Friday, May 1, 2026
Mark Bourrie
- As Internet use takes hold in the Canadian Arctic, the new media is being seen both as a saviour and a threat.
The technology is being used to sell Inuit art, to carry e-mail, local news, distance education courses, and government services. In the high Arctic, its use is somewhat limited because of the lack of broadband capability.
In the near-north – isolated parts of Canada that are accessible only by airplane but are within range of satellites – broadband Internet is letting communities hook up to medical services in the south and to host mirror sites for Inuit commercial ventures.
Inuit have quickly adapted to the Internet, says Joe Mauryauma of the Inuit-owned Nunavut WWW Communications, based in Iqualuit on the high Arctic Baffin Island. About one-half of the town’s homes – some 1,000 dwellings – have dial-up Internet access.
The technology reached the high Arctic about six years ago, he said.
”We make the best of it, even though we don’t have broadband. We know that it’s coming, that it’s just a matter of a few years. The Internet has given us an instant link to the world,” Mauryauma said.
Inuit art and other aboriginal-owned companies have set up mirror Internet sites in the sub-Arctic community of Yellowknife, which has broadband access. Ordering is done through forms that can be handled by the telephone dial-up systems in Iqualuit and other Arctic communities hundreds of kilometres away.
But Mauryauma believes the Internet has also widened a cultural gap between generations. Most Inuit elders speak only Inuktitut, a language that has its own alphabet; they get very little from the Internet, he says.
George Goose, a spokesman for the Nunavut Territory’s Language Department, says the Internet has also created a gulf between urban Inuit and those who live the traditional nomadic lifestyle.
”People who are out on the land aren’t going to log onto the Internet, even if they could,” Goose said in an interview. ”Traditional Inuit living is very hard. Most of their waking time is spent trying to make a living.”
But filmmaker Zacharias Kunuk says Inuit women have already experimented with wireless Internet technology while they were "out on the land".
Based in the high Arctic community of Baffin Island, Kunuk says his company has access to e-mail via government-owned fibre-optic lines, but the rest of the community of 500 people is waiting eagerly for Internet service.
”I think it may be as important to us as the GPS (global positioning system, which enable people to get their bearings in the wilderness), he said in an interview Wednesday.
”I don’t think people understand what it is they’ll be getting.

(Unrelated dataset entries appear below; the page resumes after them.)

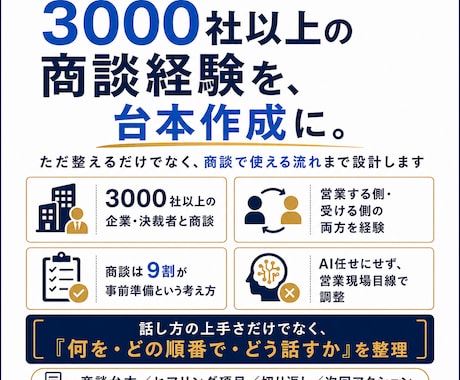 初回商談の台本を作成します 場当たり営業を卒業する台本作成 イメージ2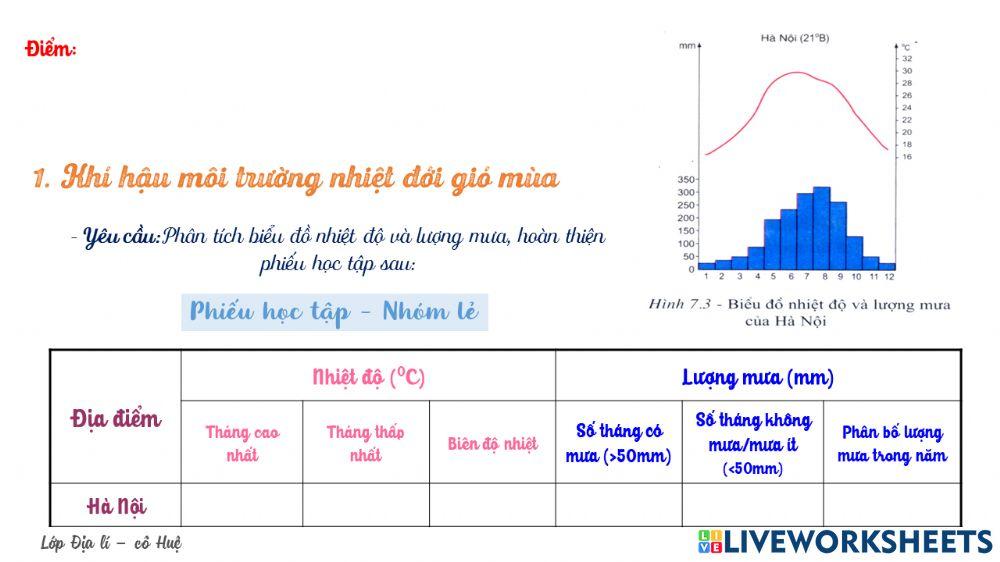 Bài 7 - Khí hậu MT nhiệt đới gió mùa - Nhóm lẻ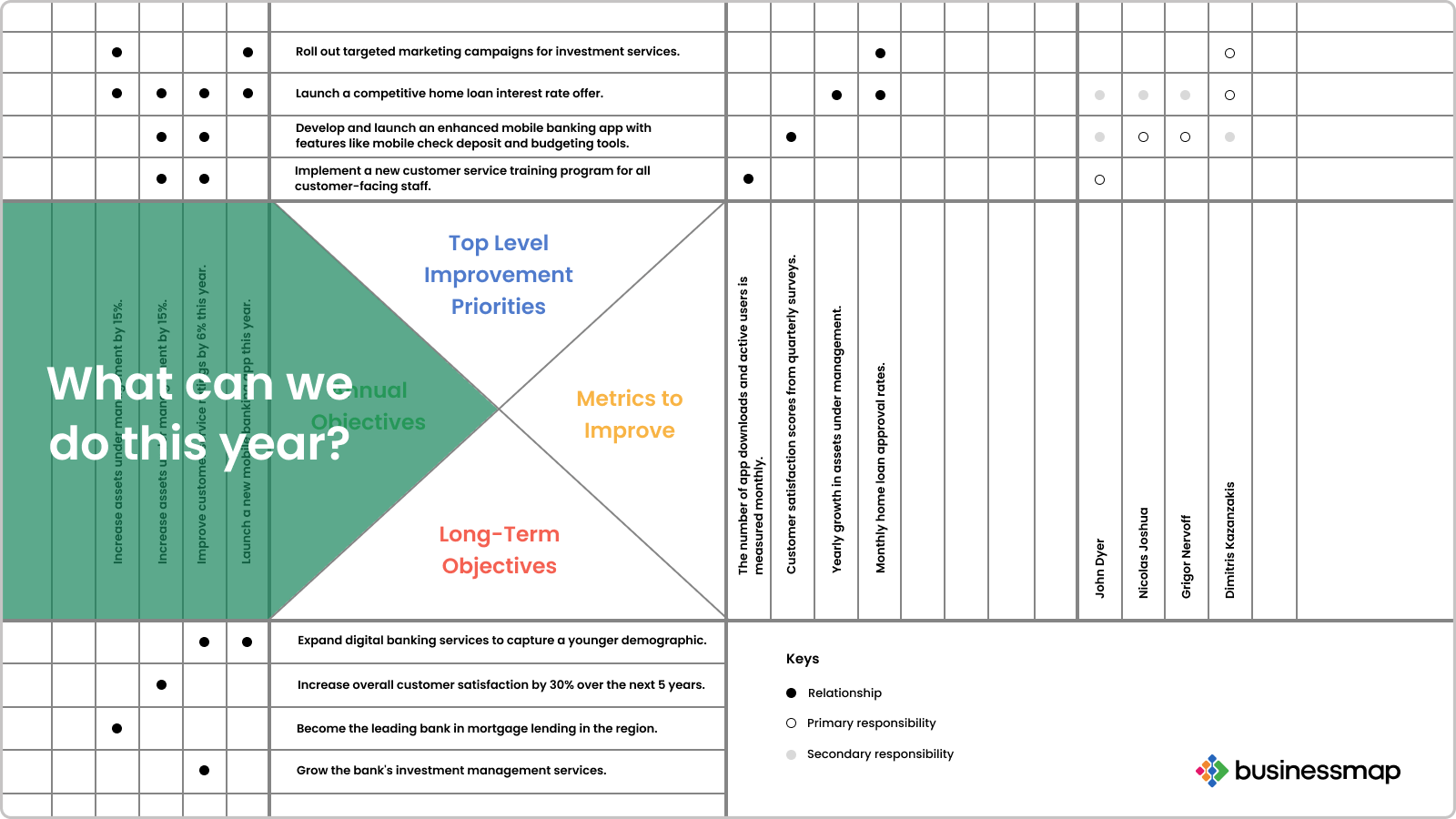 hoshin x matrix annual objectives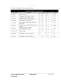 Cognitive Product Catalogue - Cognitive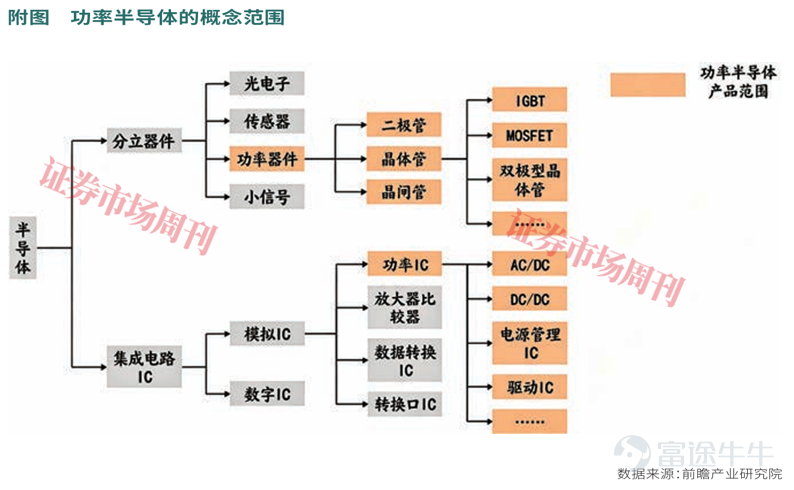 文丨吳新竹    編輯丨李壯 功率半導體企業正掀起一輪漲價潮，隨着產品提價的落地，相關公司的基本面有望持續改善。  2026年以來，一場席捲全球的功率半導體漲價潮如期而至。從2月起，華潤微、士蘭微等國內龍頭率先提價，英飛凌、德州儀器等國際巨頭主流產品漲幅普遍達10%—25%。此輪漲價並非簡單的成本傳導，而是供需格局深刻重塑的結果。需求端，AI算力基建狂潮與新能源產業高景氣共同引爆增量市場；供給端，全球8英寸晶圓產能持續收縮，12英寸成熟製程又遭AI芯片擠佔，導致功率器件產能結構性緊缺。量價齊升之下，功率半導體行業正迎來確定性復甦。 同時，在新興應用領域中，以碳化硅、氮化鎵爲代表的第三代半導體材料產業化加速，板塊內龍頭天岳先進（688234.SH）等公司獲得機構積極調研。 華潤微、士蘭微等 功率半導體公司齊漲價 功率半導體按器件集成度可以分爲分立器件（含模塊）、功率模塊和功率芯片三大類，其市場規模佔全球半導體總規模的比例維持在8%—10%之間。功率半導體廣泛應用於計算機、網絡通信、消費電子、汽車電子、工業電子等基礎電子領域，且受益於新能源汽車與充...
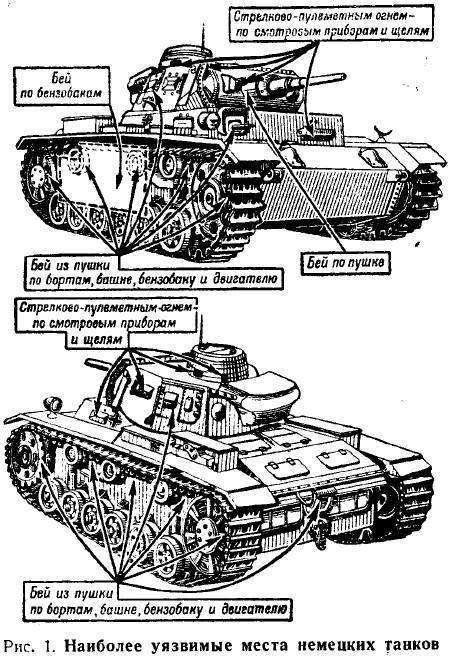 Памятка танкистам по борьбе наших танков с танками врага, 1942 год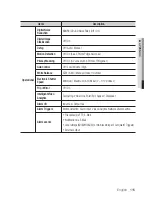 Предварительный просмотр 115 страницы Samsung SNB-6010 User Manual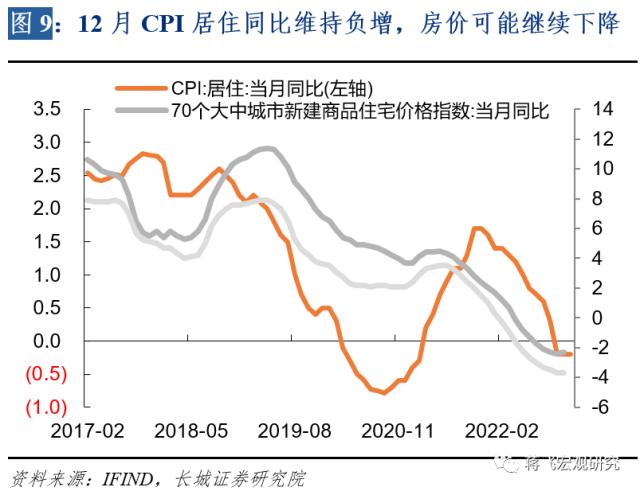 【长城宏观】通缩趋势仍在延续——12月通胀数据点评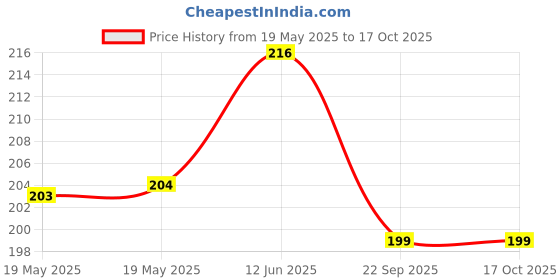 industrybuying.com FIVISTOP Mount, Bobbin, Male/Female, 1008VD10-45 fivistop Price History Graph from 19 May 2025 to 16 Oct 2025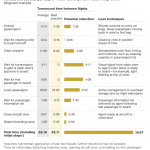 reduce wait time with lean manufacturing in airline industry
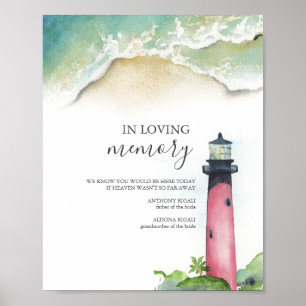 In Loving Memory Nautical Wedding Poster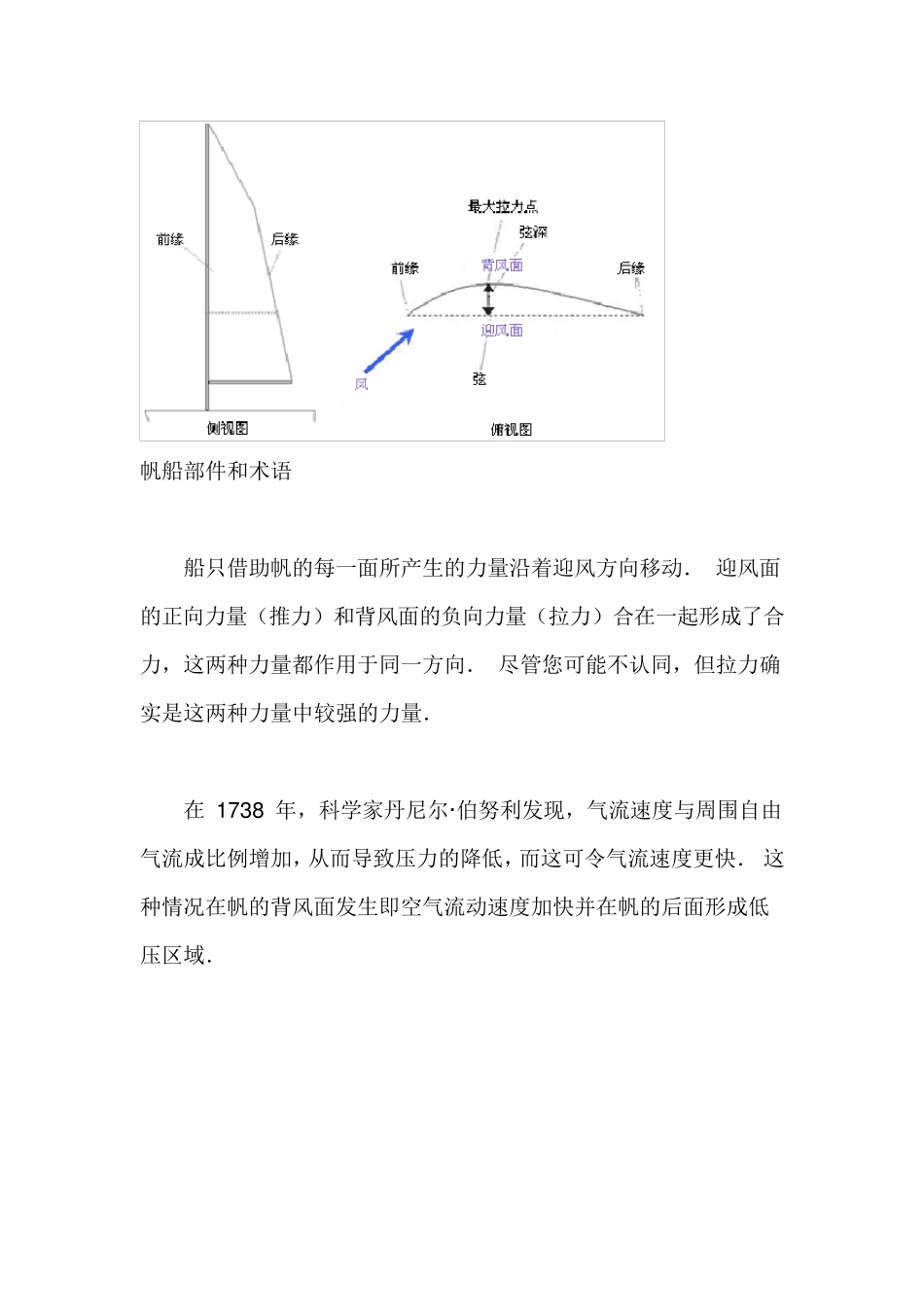 帆船逆风航行原理_第2页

Right now, the e-mail is the big thing. People here have not seen the rest of the material on the Internet."
Marie Francoise Guedon, a University of Ottawa professor and one of the world’s leading experts on the culture of the Dene Indians of the Arctic and subArctic, calls the Internet the latest assault on traditional cultures.
”Any northern aboriginal people who settle in communities and who have electricity will have access to this technology. Is it fair to tell Inuit or Dene kids that they can’t use it? Is it possible to even try?” she said.
”The loss to the world of traditional world views and cultures is very great, but, at the same time it’s almost impossible to stop unless the people themselves choose to somehow integrate the new media into their culture and to carefully protect their languages and traditions,” she told IPS.
"Is it happening? In some ways, I would say yes, but maybe not with the critical mass that’s needed.”
But Kunuk, director of the critically acclaimed film ‘Atanarjuat’ (The Fast Runner), based on an ancient Inuit myth, believes Inuit culture and language can survive the new technology.
”Children learn English in schools and speak Inuktitut at home. I don’t think that’s changing,” he said.
A partner in Isuma Igloolik Productions, a feature film and television company specialising in Inuit stories, Kunuk says the Internet has already become a necessity for him.
He tracks local news through an Arctic-based web site, communicates with his Montreal-based distribution office by e-mail and sells his films through a web site hosted in southern Canada.
”I do see it changing our lives, but the change is for the better. And no matter what, it is coming.”
Mauryauma and supporters of Arctic Internet access say the technology can provide the north with lifesaving links to the world.
For instance, in isolated Canadian wilderness communities that have broadband access, small hospitals can be linked to larger medical centres in major cities, allowing specialists live access to MRI pictures and a means to give advice during surgery.
”I don’t think the clock will be turned back," says Mauryauma. ”The people who live here want the same access to the Internet that everyone else has. I think it’s a matter of fairness,” he said.